■ **Work task**:
Within the listing below, the lines to output run from the one containing "Good healthcare is" through the one containing "In its early"; copy them exactly and nothing else.

■ **Working data**:

/---

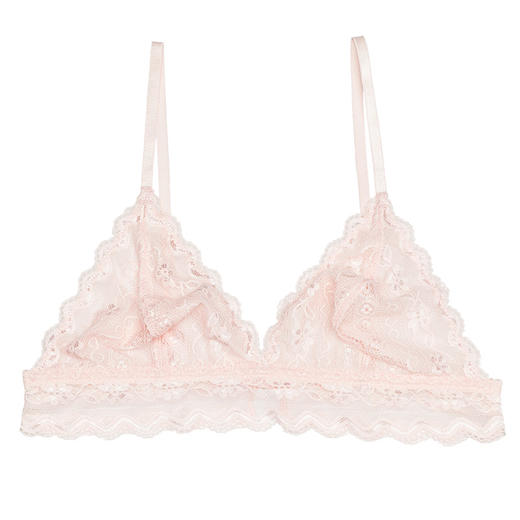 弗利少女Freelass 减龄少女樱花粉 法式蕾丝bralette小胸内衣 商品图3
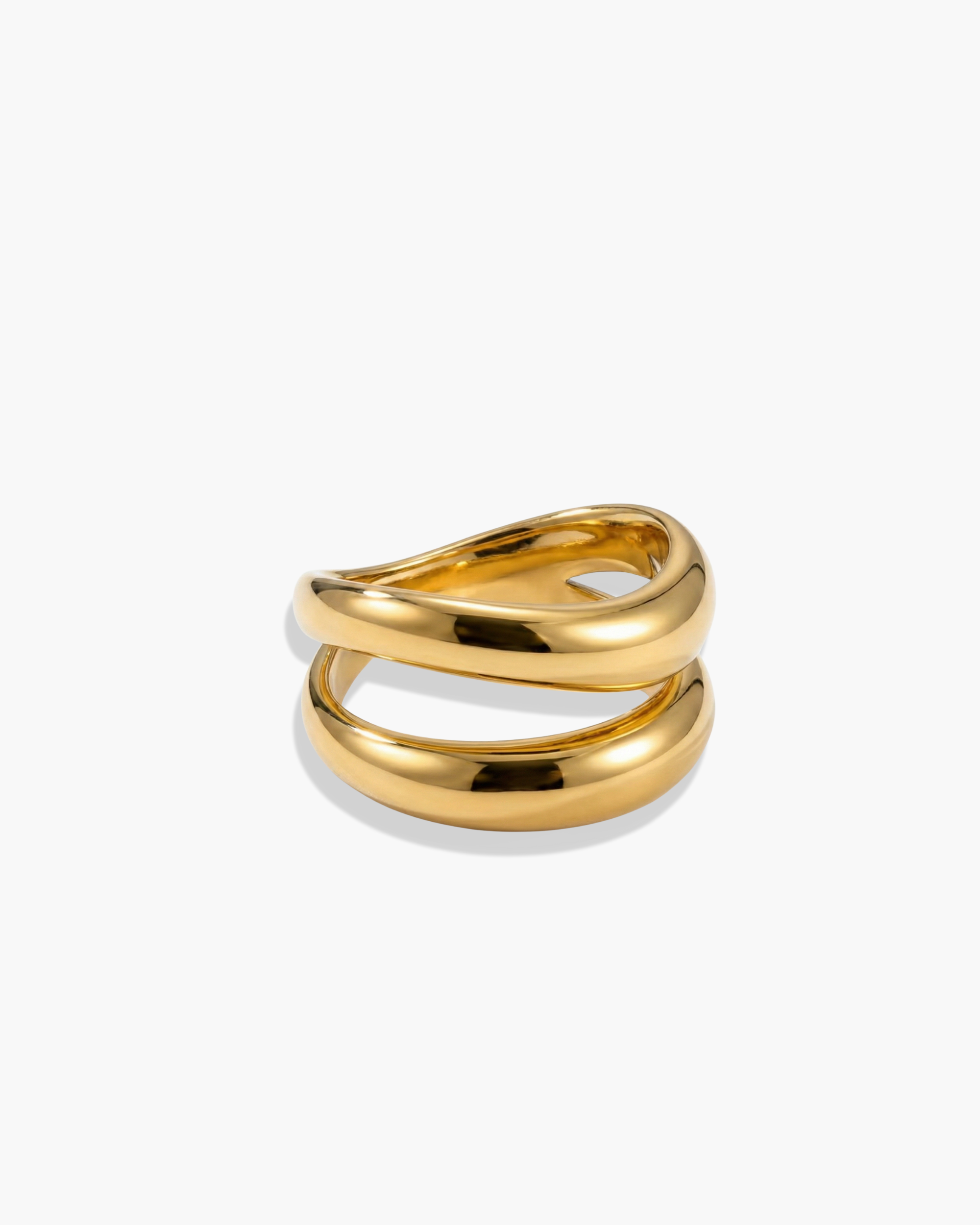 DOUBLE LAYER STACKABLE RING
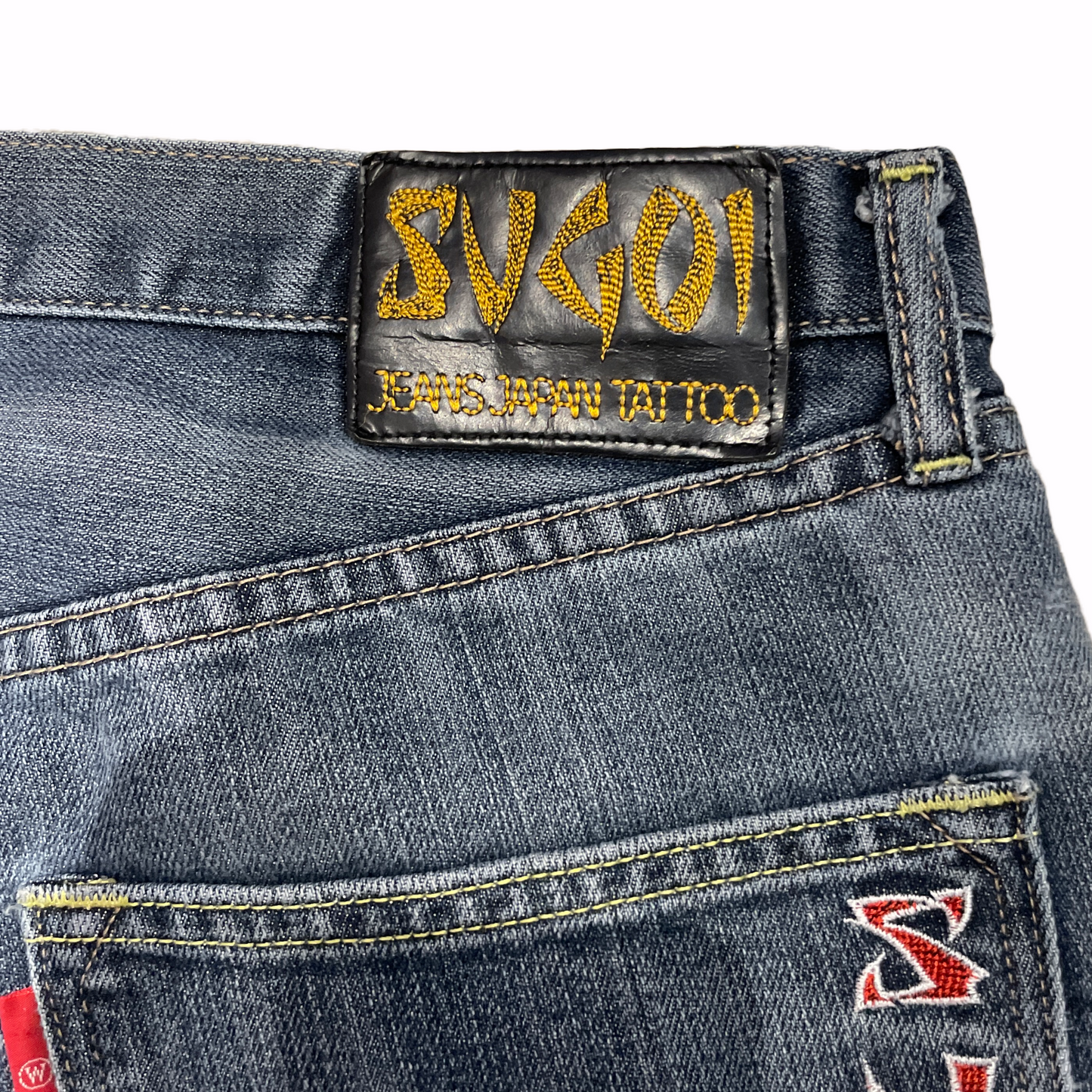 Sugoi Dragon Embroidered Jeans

\---
/---

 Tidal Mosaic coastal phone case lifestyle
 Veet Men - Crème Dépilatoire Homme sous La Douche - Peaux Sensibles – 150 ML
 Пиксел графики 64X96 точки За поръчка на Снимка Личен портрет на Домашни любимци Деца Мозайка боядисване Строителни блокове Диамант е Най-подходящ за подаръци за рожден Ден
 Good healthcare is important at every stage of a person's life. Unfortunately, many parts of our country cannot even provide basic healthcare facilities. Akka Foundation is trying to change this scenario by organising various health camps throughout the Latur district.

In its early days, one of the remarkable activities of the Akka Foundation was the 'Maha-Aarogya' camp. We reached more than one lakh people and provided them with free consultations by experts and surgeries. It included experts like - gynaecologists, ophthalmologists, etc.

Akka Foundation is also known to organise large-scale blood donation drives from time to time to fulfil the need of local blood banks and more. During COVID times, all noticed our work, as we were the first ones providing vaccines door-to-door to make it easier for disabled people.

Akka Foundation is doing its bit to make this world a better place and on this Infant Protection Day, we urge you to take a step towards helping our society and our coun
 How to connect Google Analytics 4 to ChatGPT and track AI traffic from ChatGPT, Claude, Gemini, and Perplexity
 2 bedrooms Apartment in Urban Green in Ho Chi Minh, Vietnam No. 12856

\---

■ **Result**:
 Good healthcare is important at every stage of a person's life. Unfortunately, many parts of our country cannot even provide basic healthcare facilities. Akka Foundation is trying to change this scenario by organising various health camps throughout the Latur district.

In its early days, one of the remarkable activities of the Akka Foundation was the 'Maha-Aarogya' camp. We reached more than one lakh people and provided them with free consultations by experts and surgeries. It included experts like - gynaecologists, ophthalmologists, etc.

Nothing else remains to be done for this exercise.